DOCE CORAZONES
CAPÍTULO XVII
Estrellas Fugaces
Abrió los ojos lentamente, le costó enfocar la visión. Cojines, chales, incienso, y un olor a sándalo le cosquilleaba la nariz. Estaba en el templo de Mu. Saga se levantó del futón con dificultad, cada una de sus extremidades se encontraba débil y lastimada, y no recordaba por qué. Intentó llamar al guardián del templo pero su garganta también dolía, así que decidió salir, dando tumbos en el camino. Lo que sus ojos esmeralda encontraron, le hicieron recordar de golpe el por qué estaba ahí y así.
Todos sus compañeros estaban destrozados, heridos y jadeantes, por culpa de su hermano gemelo. Sabía que Kanon estaba fuera de sí y que por dentro debía estar sufriendo horrores. Se acercó todo lo que pudo, detrás de Dohko y Afrodita, y que vio a Camus como el más lastimado de todos, delante de Kanon y con los brazos extendidos protectoramente a los lados, enfrentando a los otros 6 caballeros. Repentinamente cayó de rodillas y fue interceptado por su Kanon.
Un destello dorado en la mano de Camus llamó su atención, al momento que Kanon lo levantaba. Se extrañó de ver que Camus se abrazó a él, y todo su mundo se detuvo cuando su gemelo menor abrió sus ojos con sorpresa al tiempo que borbotones de sangre salían de su boca. Su cabello oscureció y sus ojos perdieron el escarlata, pero se mantenía de pie… inmóvil.
Los demás hombres se sorprendieron al ver que Camus se separaba de Kanon con una daga dorada en la mano. Tanto él como los demás entendieron en ese momento que sólo esa daga podría detenerlo.
— Saga… mi… hermano… —sus ojos ahora de regreso a la normalidad, se llenaron de lágrimas mientras miraba a su hermano mayor— Perdóname… por favor perdóname…
Saga se arrastraba hacia él, y lo mismo hacia el otro, pero la daga le había sido clavada por la espalda, directo al corazón, regalándole una inminente muerte. El menor se desplomó boca abajo, mientras todos los demás aflojaron la guardia y se aproximaron para ayudarle. Aunque no había nada que pudieran hacer por él.
— Bicho v—venenoso… cuídalo…— señaló a Milo, quien dio un respingo por la sorpresa— y Camus… Camus… dónde…
Camus estaba por salir de la casa, pero se detuvo en seco, de espaldas a todos. Kanon logró sentir su cosmos cerca y con mucho esfuerzo sonrió a medias.
— Cumplis…te… tu p—prome…sa…— escupió una bocanada de sangre y continuó— Gra…cias…
Dicho esto, Camus se retiró, sin siquiera voltear. Saga al fin llegó hasta su hermano y se hincó sobre él.
— Kanon… Hermano… yo pensé que todo estaba bien! ¡Te dije que debías aguantar!
— No soy… tan fuerte… como tú… —flexionó una mano con mucha dificultad y la elevó buscando la de su hermano— te amo, hermano…
Saga rodeó el cuerpo de su hermano con sus brazos y lo apretó contra el suyo, como si con ello pudiera alejarlo de la muerte. Sintió cómo su cosmos desapareció por completo, levantó los mechones de cabello que cubrían sus ojos y los halló vidriosos e inertes: se había ido.

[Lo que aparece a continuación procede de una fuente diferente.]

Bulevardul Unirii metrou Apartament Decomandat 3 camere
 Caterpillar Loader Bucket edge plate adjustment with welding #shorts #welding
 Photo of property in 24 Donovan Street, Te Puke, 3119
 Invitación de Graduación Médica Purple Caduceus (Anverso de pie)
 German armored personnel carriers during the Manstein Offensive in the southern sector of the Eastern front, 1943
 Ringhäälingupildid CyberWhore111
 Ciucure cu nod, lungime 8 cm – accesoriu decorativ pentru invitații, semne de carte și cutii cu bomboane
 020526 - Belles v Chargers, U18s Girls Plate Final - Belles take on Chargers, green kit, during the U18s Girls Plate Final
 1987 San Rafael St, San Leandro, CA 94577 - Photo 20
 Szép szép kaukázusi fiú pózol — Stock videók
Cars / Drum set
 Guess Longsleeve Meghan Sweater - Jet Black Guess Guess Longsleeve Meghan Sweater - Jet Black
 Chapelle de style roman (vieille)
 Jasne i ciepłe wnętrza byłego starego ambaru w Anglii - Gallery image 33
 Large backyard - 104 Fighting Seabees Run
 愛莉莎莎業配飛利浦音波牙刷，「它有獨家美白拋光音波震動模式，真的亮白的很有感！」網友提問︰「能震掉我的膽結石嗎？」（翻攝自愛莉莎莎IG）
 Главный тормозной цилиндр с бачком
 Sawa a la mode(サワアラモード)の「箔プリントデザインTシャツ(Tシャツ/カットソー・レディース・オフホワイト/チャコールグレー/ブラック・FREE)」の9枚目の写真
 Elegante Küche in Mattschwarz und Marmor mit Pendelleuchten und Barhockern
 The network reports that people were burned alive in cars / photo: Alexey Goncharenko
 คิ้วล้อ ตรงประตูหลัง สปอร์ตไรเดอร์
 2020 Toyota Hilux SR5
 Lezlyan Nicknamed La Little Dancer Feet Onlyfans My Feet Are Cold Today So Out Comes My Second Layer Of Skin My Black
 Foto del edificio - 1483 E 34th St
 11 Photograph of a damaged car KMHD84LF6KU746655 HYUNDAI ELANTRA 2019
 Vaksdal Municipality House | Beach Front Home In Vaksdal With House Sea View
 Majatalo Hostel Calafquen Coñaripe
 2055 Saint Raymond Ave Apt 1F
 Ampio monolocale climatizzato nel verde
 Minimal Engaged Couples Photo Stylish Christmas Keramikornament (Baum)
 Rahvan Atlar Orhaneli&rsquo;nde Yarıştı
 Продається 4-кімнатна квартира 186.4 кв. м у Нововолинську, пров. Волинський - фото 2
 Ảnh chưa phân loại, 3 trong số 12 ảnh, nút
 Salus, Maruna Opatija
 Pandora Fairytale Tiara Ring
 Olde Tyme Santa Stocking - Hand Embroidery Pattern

Unas pocas horas después, Saga estaba saliendo del Santuario con una pequeña urna entre sus manos. Kanon quería que su cuerpo fuera incinerado para evitar cualquier posesión divina o resurrección. Lo que no sabía era dónde esparcir las cenizas, aunque quería quedarse con ellas para sentir a su mellizo cerca, sabía que no era lo correcto. El sonido de rápidos e irregulares pasos lo hicieron voltear, para encontrarse con un paliducho y demacrado Santo de Aries. Llevaba en manos un bulto de tela amorfo.
— ¡Saga! ¡Saga espera por favor! –gritaba sin aliento. Se detuvo una vez alcanzó al peliazul.
— ¡Mu! ¿Estás bien?
— Sí, Saga… lo siento mucho, amigo— dijo el pelilila con pesar— Kanon se esforzó como pudo pero… tú lo sabes, ¿verdad? Sabes que estaba en un callejón sin salida…
El geminiano iba a responder pero se le hizo un nudo en la garganta, así que prefirió asentir y tragarse sus palabras.
— ¿Ya conseguiste a Aldebarán?
— ¡Sí! Lo encontramos en el Coliseo… Y bueno, esto… —Mu señaló el bulto que llevaba y lo colocó a los pies de su compañero— Quería probar construir una armadura dorada y probé duplicar la armadura de Géminis… Camus me ayudó con su sangre, pero me faltó el casco, no tuve el tiempo para terminarlo…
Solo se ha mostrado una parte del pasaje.